De wet zegt in artikel 6:52 BW niets over of die maatregel in alle gevallen proportioneel en redelijk is. Een rechter toetst dat echter wel. Het is dus niet zo dat iedere ICT’er in alle gevallen van een niet-betaalde factuur gewoon de website offline mag halen zonder vervolgens aansprakelijk te zijn voor de schade die zijn klant dientengevolge lijdt.
De ICT’er zal de nodige zorgvuldigheid in acht moeten nemen en zijn belang van een betaalde factuur moeten afwegen tegen het belang van zijn klant om de website in de lucht te hebben. Zeker wanneer het gaat om een relatief laag openstaand factuurbedrag en wanneer bijvoorbeeld eerdere facturen wel zijn betaald versus een goedlopende webshop, zal de ICT ‘er zich moeten afvragen of het offline halen van de website redelijk is en het bovendien betaling van zijn factuur ten goede komt. Immers, de inkomsten van de ondernemer die zijn geld verdient met de webshop zullen niet toenemen als de webshop offline is.

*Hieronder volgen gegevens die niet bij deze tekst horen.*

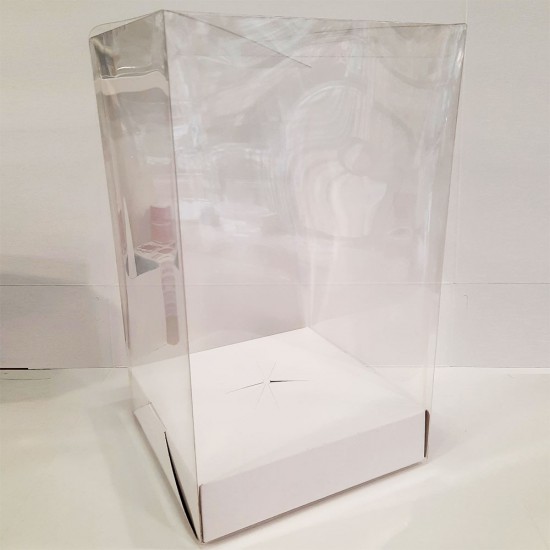 Κουτί πλαστικό διαφανές κύβος 21x21xY35εκ. Ύψος μαζί με τη βάση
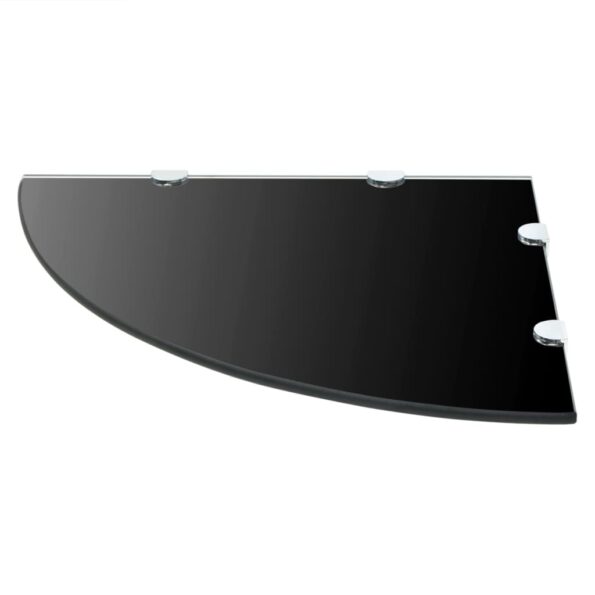 vidaXL Sklenená rohová polička s chrómovanou podperou, čierna, 45x45 cm – Obrázok 2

Tussen klakkeloos de hele website offline halen inclusief het laten bouncen van e-mails of het gefaseerd bepaalde diensten beperken, zit ook nog een wereld van verschil. Door bijvoorbeeld bij een webshop enkel de functie om nieuwe producten toe te voegen of bestaande te wijzigen uit te schakelen oefen je toch druk uit, maar zijn de gevolgen voor de opdrachtgever beperkter. Aankondigen dat je de website gefaseerd offline zal halen en ook melden welke volgende functionaliteiten er bij langer uitblijvende betaling worden uitgeschakeld, helpt bij het aantonen dat je proportioneel hebt gehandeld.
Beter is om in algemene voorwaarden een regeling omtrent opschorting op te nemen. Niet alleen weet een opdrachtgever dan van tevoren wat er verwacht kan worden bij wanbetaling, ook creëer je hiermee bewijs van dat je opdrachtgever heeft ingestemd met de regeling en dus in feite ook de proportionaliteit en redelijkheid ervan erkent.
Hoe het afgelopen is met ons lid? Na ontvangst van de sommatiebrief van FNV Zelfstandigen betaalde de opdrachtgever de openstaande vordering, inclusief incassokosten, waarna ons lid de website weer online heeft gezet.
Het opschortingsrecht is dus binnen de ICT een zeer effectief pressiemiddel, maar ook een ouderwetse sommatiebrief doet nog steeds zijn werk.